Victoria Lomasko in Corriere della Sera

'My Russian pencil challenges Putin's Russia' by Francesco Giambertone

06 November 2022 The first was Zehra Dogan, a Kurdish painter imprisoned in Turkey; then was Badiucao, a Chinese activist. Now Victoria Lomasko is exhibiting at the Santa Giulia Museum in Brescia, a hub of dissident art. We meet her during the installation of the exhibition: 'I escape from a big prison'.

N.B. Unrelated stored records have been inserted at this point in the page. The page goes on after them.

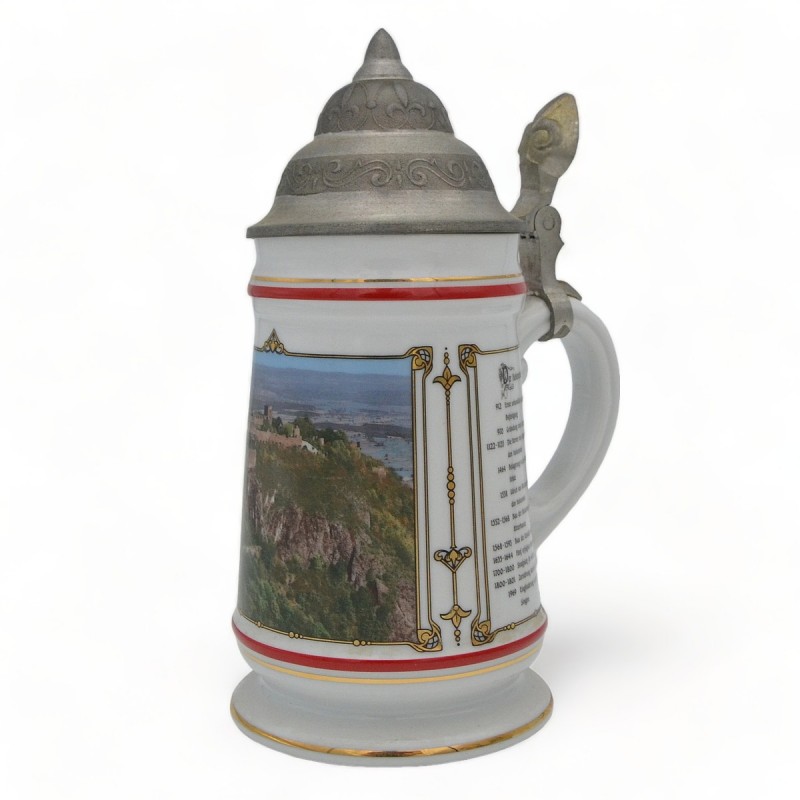 Zoller-Hof brewery beer mug, limited edition, No. 196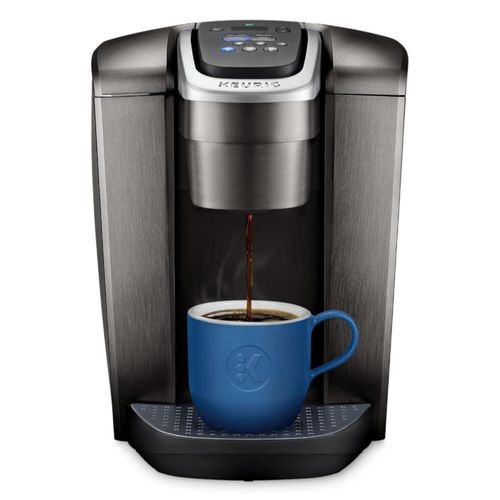 Keurig Cafetera K-Elite, cafetera de vainas K-Cup de una sola porción, con capacidad de café helado – Color Pizarra
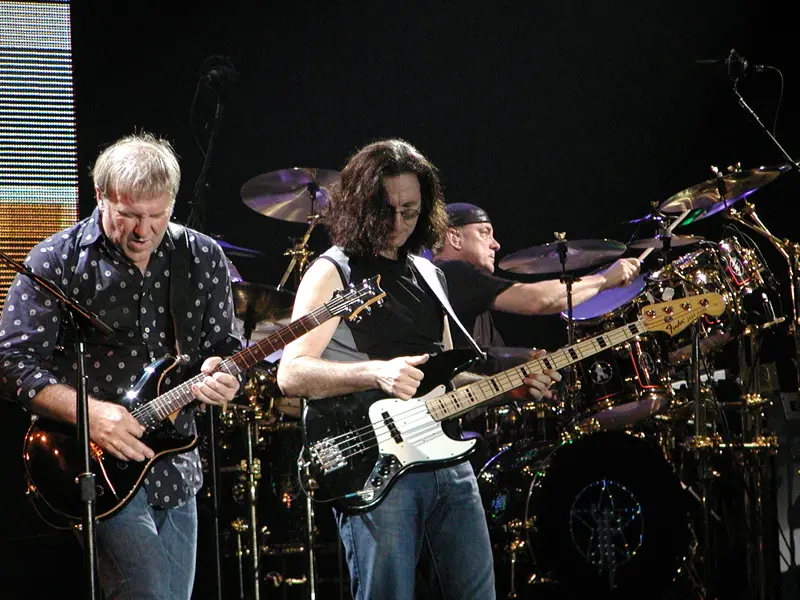 karen webster y rush historia real - Qué tipo de música es Rush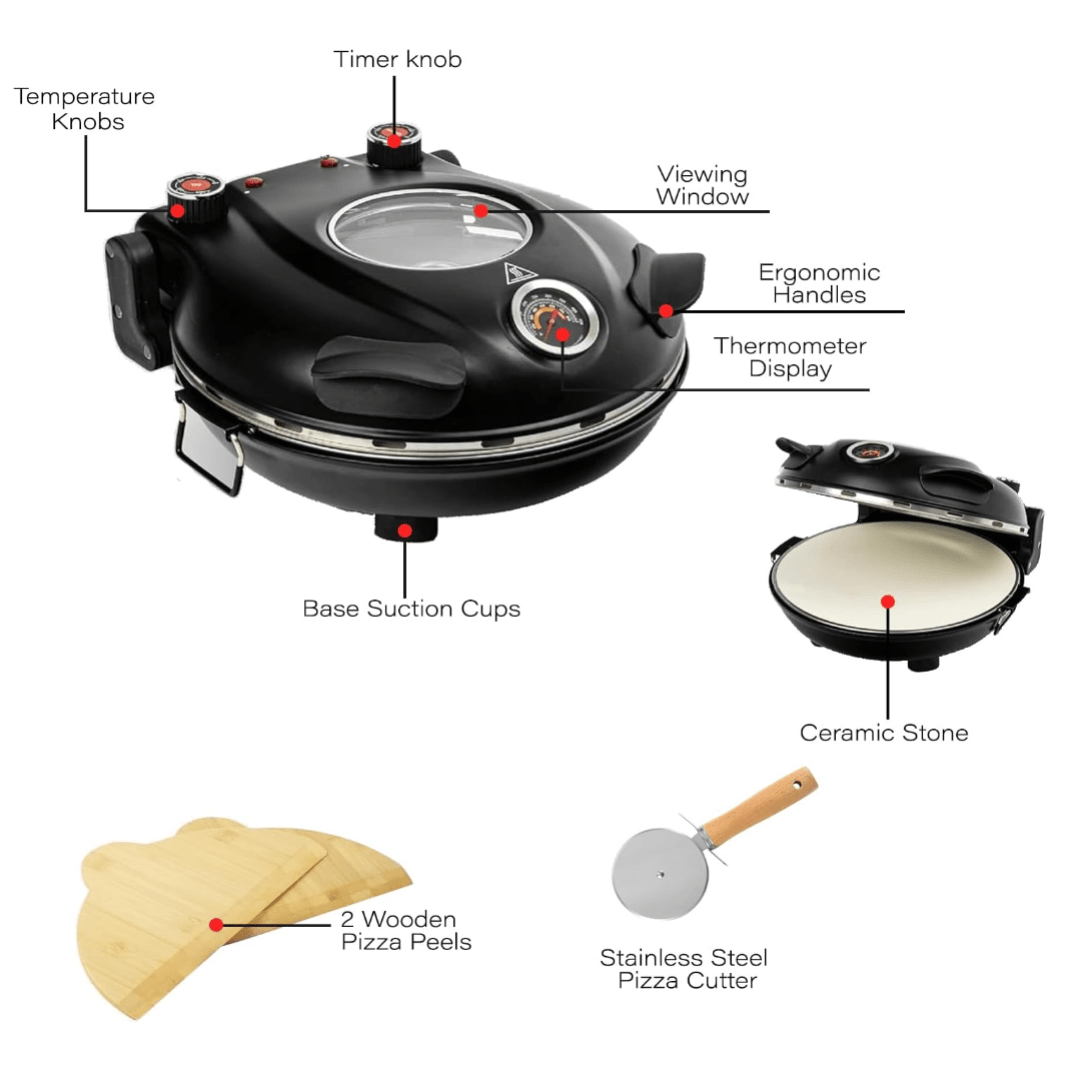 Pizza Oven Portable Electric Pizza Oven Indoor Temu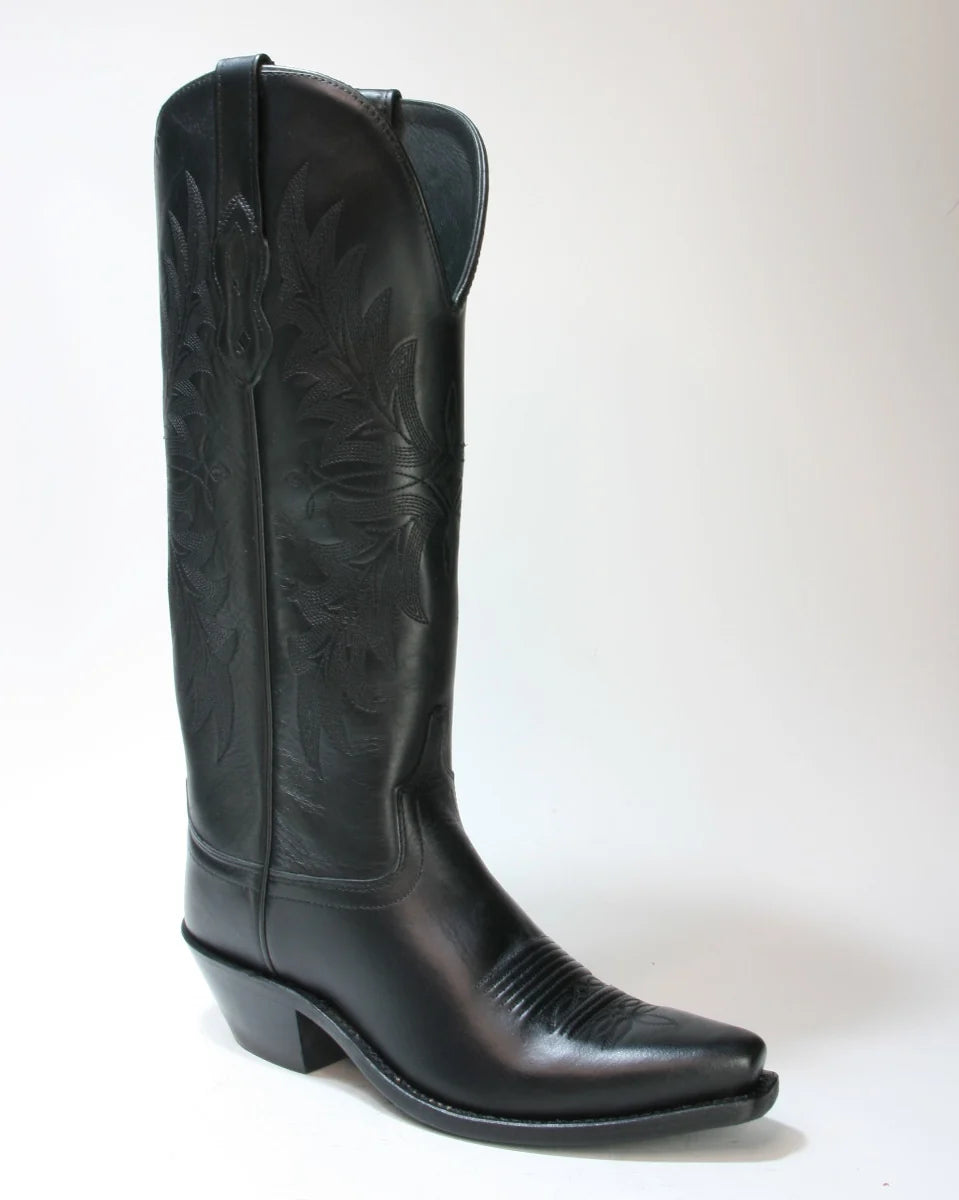 Old West TS1548 Black Boots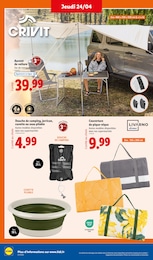 Prix et réduction Plaid dans le prospectus Lidl en cours Offre Plaid dans le catalogue Lidl du moment à la page 30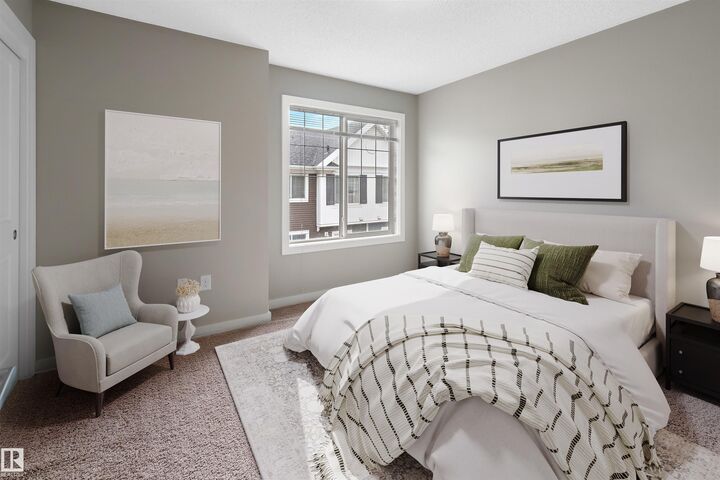 Property Photo:  2803 James Mowatt Trail SW 13  AB T6R 3R3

'Russia is a big prison. When people raised their heads and realised this, it was too late. Many only realised it now.' Victoria Lomasko didn't: she has known it for many years. She is now 44, and for a decade she has been reporting on the protests, street demonstrations and trials of activists who have opposed the Kremlin, often ending up imprisoned, beaten to the point of disability, or killed. She does this in a style somewhere between comics and illustration, about events that happened before her eyes: her graphic reportages, full of drawings and long texts, in Kyrgyzstan, Armenia, Georgia and Dagestan, as well as in the courts and streets of Moscow and Minsk, recount the everyday life of former Soviet peoples, minorities, the marginalised, ordinary people, ultra-Orthodox ladies and LGBT+ activists, and frame the generational clash that splits Russia in two. Also on the war. 'Mostly people of Putin's age and those who were educated in the Soviet Union support the Kremlin. The others don't, especially the young people. They don't protest in the streets because they would end up in jail, but they burn down army recruitment centres. Sooner or later, one way or another, we will get rid of Putin. I don't think with a revolution, but maybe with chaos and anarchy.'


Forms of resistance. Victoria Lomasko, very short hair, round spectacles, a red scarf wrapped around a leather jacket, tells this story as she slowly nibbles on cheese toast in a café in Brescia. As long as she lived in Russia, she called herself 'a political author, not a dissident, but my work had already caused me a lot of problems: I had no right to be published, nor to organise my own shows'. One of the regimes' ways of silencing dissent. 'Between 2013 and 2016, I went through years of destitution. I used to publish graphic reports on activist websites, but I was not earning any money and I was exhausted. One evening I was sitting in the kitchen and I was doing two accounts: I could not pay the bills, I had no money to repair the broken camera or to buy painting materials. I felt that it was the end, that I could no longer be an artist'. Then came the turning point in her career: in 2017 the magazine 'n+1' published her first book, Other Russias, in New York, which made her known to the world. The second turning point, in the opposite direction, coincides with Putin's attack on Ukraine: Lomasko escapes to the West with a suitcase, the cat Dwarf, a few sketches and a visa that is always too short.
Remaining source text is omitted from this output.